Almost ALWAYS! Query letters are standard in the industry. That being said, what is most imperative is that you do your homework when approaching any agent. They each have a preferred method of submitting work to them. Most of them begin with a query letter. That being said, what makes a successful query letter? In my experience, a great query letter is often not written as much as it is arrived at. I usually write a pretty good first draft, but don’t really find that my query letters are working until around the sixth draft. Remember that the goal of the query letter is to get an agent to request additional material. So determining the quality of the query letter is done relative to the number of positive responses. If no one is asking for your material, look to the content of the query – specifically the following:

1. Very short personal and professional intro that demonstrates that you are not just mass emailing agents.
2. An exceptional logline.
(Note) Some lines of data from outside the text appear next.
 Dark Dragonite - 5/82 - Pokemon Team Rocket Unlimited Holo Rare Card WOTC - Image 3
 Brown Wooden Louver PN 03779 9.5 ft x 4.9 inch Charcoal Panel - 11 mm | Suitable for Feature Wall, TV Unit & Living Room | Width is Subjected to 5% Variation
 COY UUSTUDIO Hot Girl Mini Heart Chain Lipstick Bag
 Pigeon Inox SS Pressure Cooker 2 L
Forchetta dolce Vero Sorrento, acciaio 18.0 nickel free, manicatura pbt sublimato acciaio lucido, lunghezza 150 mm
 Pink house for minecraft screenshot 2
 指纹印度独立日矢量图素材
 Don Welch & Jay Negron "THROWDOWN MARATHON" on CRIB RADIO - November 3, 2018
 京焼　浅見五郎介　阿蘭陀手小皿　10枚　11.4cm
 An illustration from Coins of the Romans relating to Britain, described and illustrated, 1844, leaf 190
One or two sentences at most that combine your protagonist’s goals, motivation, external conflict, internal conflict and the setting of the story to create an awe inspiring reaction.
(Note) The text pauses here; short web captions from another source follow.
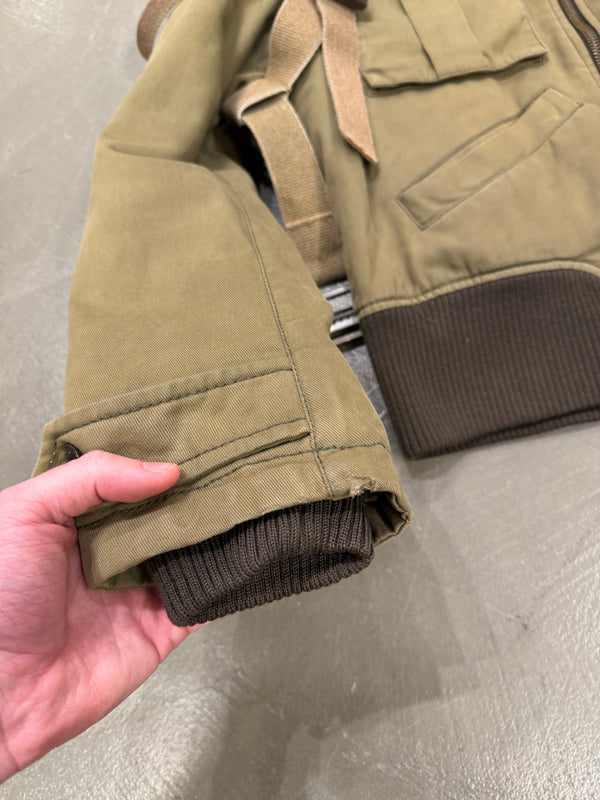 A/W 2003 Dolce & Gabbana parachute bondage bomber jacket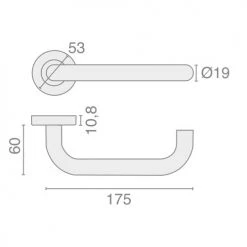 Béquille double inox Héraclès Jade sur rosace spécial PMR -Promos Poignée de Porte Magasin AFD 163659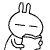 The rabbit Emoticon(Gif Emoji free download)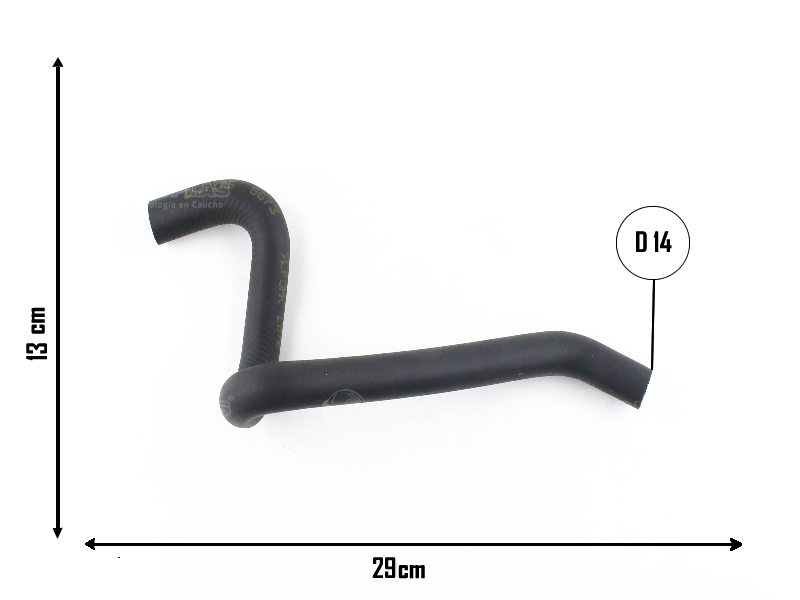 CAUPLAS MANGUERA CALEFACCION SALIDA FORD ECOSPORT I FIESTA I COURIER  =YACO 3008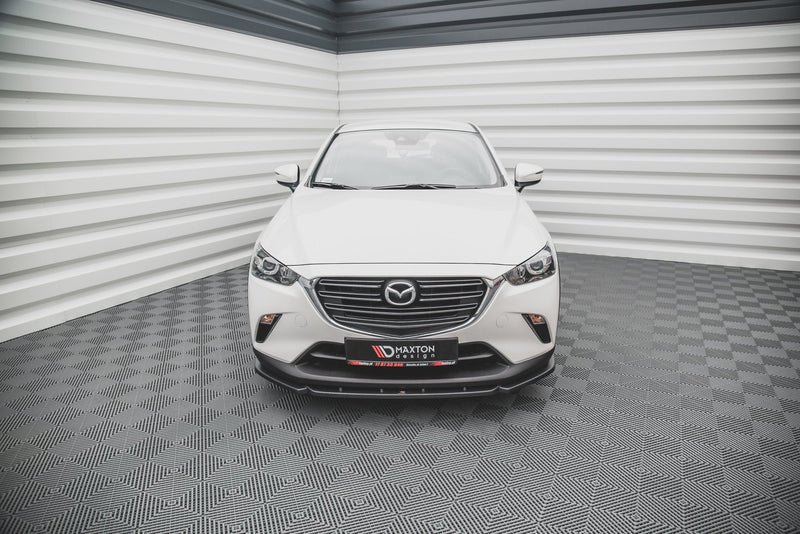 Maxton Front Splitter V.2 Mazda Cx-3 - Gloss Black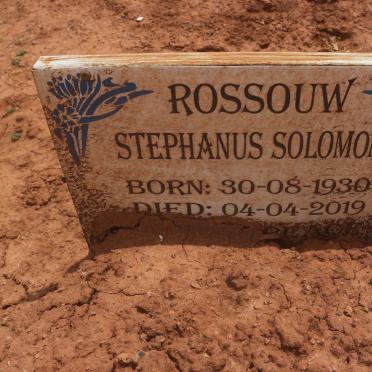 ROSSOUW Stephanus Solomon 1930-2019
3. Your credentials – a BRIEF explanation of why you are qualified to write this book.
4. A succinct and professional ending to your letter.

In this equation it is the logline that agents care about most. If that does not inspire them, then the remainder of the query letter becomes irrelevant. Does your query capture the conflict? Does it activate the imagination and inspire images in the mind of the reader? For most people, that is a tough question because by the time you are writing your query, you probably have very little objectivity around your story. So test your query. Create a small focus group. Ask them what images come to mind if any. Ask them if they would want to read that book based on the logline. Ask them if it had them at the edge of their seat. Anything short of that, and you’re not there yet!

All of this being said, the average writer will send out 100 queries before finally getting represented. So hang in there. Revise until your query works. And then stick with it once it does. The focus then will move to the quality of the manuscript.